--- TASK OBJECTIVE ---
Repeat every record exactly, but omit the images.

--- SOURCE RECORDS ---
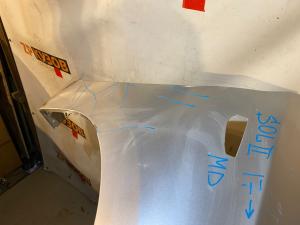 Hyundai Solaris 2017-2022 Крылья Правая с отверстиям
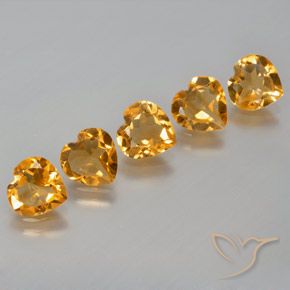 Lote de Citrina Dorado Corazón de 5 piezas de Brasil - Peso 4,29 ct en total / promedio. 0,86 ct cada uno, Tamaño 7 x 6,9mm, Color: Dorado naranja intenso, Dureza Mohs 7 Adecuado para joyas de uso diario, Año de la piedra preciosa del gallo, Photo A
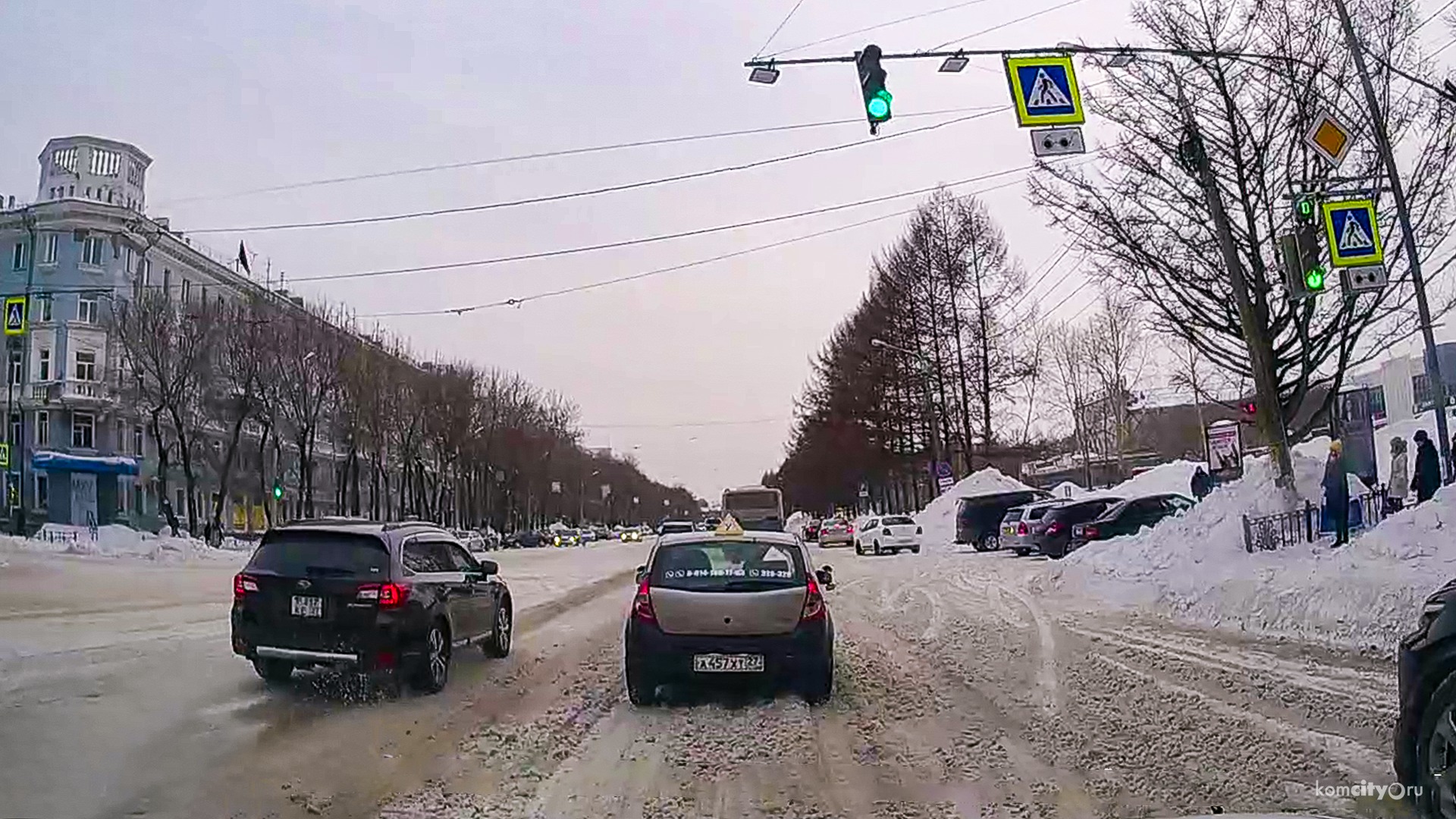 Дорожные химические реагенты испробовали на Кирова и Мира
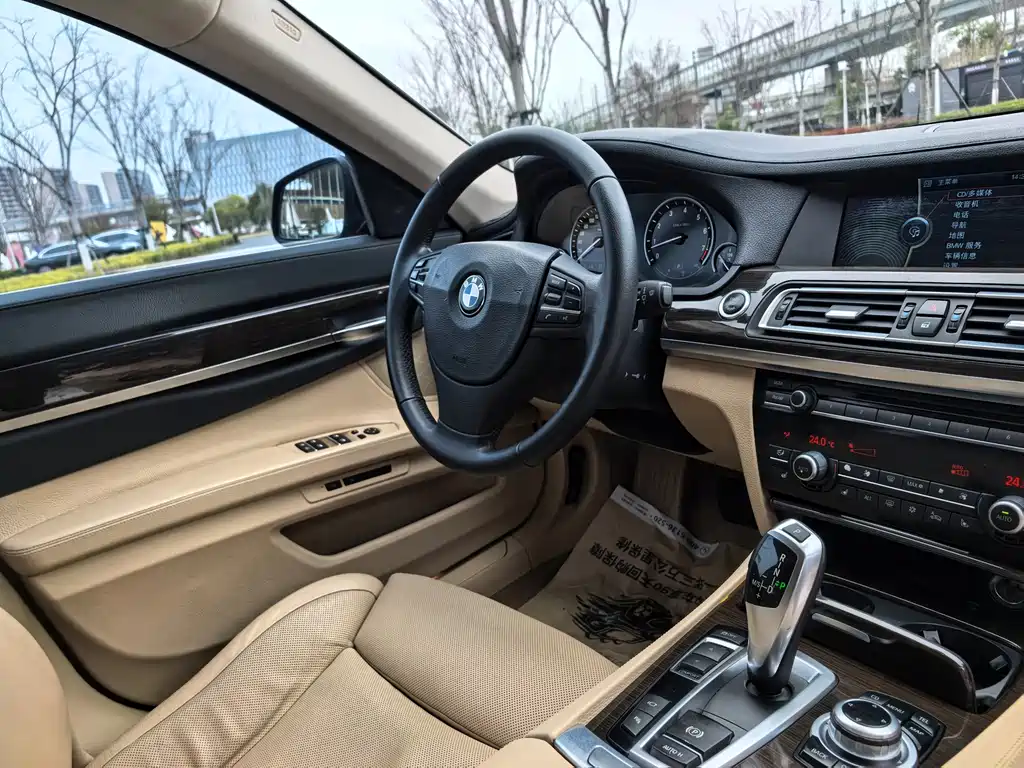 BMW 7 Series 2011 — фото 14
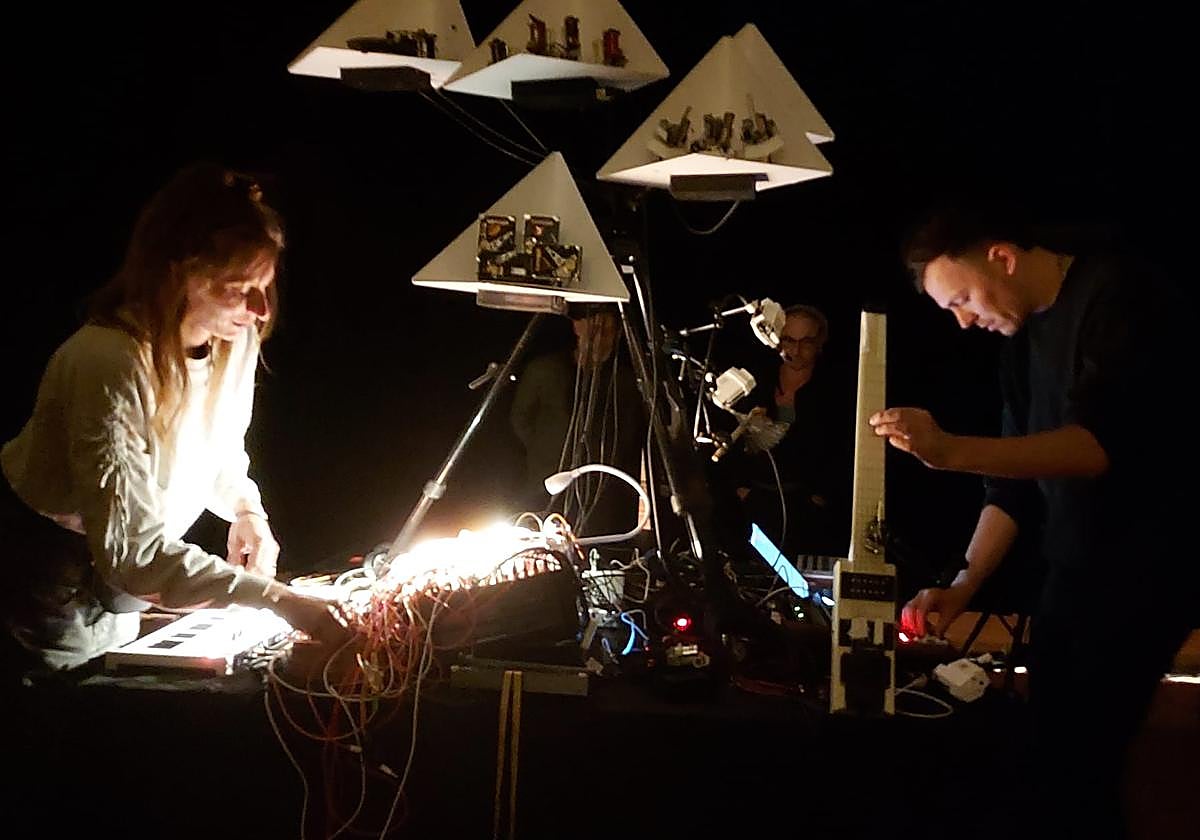 Alpha Decay y Moritz Simon Geist actúan en el CMD San Francisco, dentro de la edición del año pasado.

--- ANSWER AREA ---
 Hyundai Solaris 2017-2022 Крылья Правая с отверстиям
 Lote de Citrina Dorado Corazón de 5 piezas de Brasil - Peso 4,29 ct en total / promedio. 0,86 ct cada uno, Tamaño 7 x 6,9mm, Color: Dorado naranja intenso, Dureza Mohs 7 Adecuado para joyas de uso diario, Año de la piedra preciosa del gallo, Photo A
 Дорожные химические реагенты испробовали на Кирова и Мира
 BMW 7 Series 2011 — фото 14
 Alpha Decay y Moritz Simon Geist actúan en el CMD San Francisco, dentro de la edición del año pasado.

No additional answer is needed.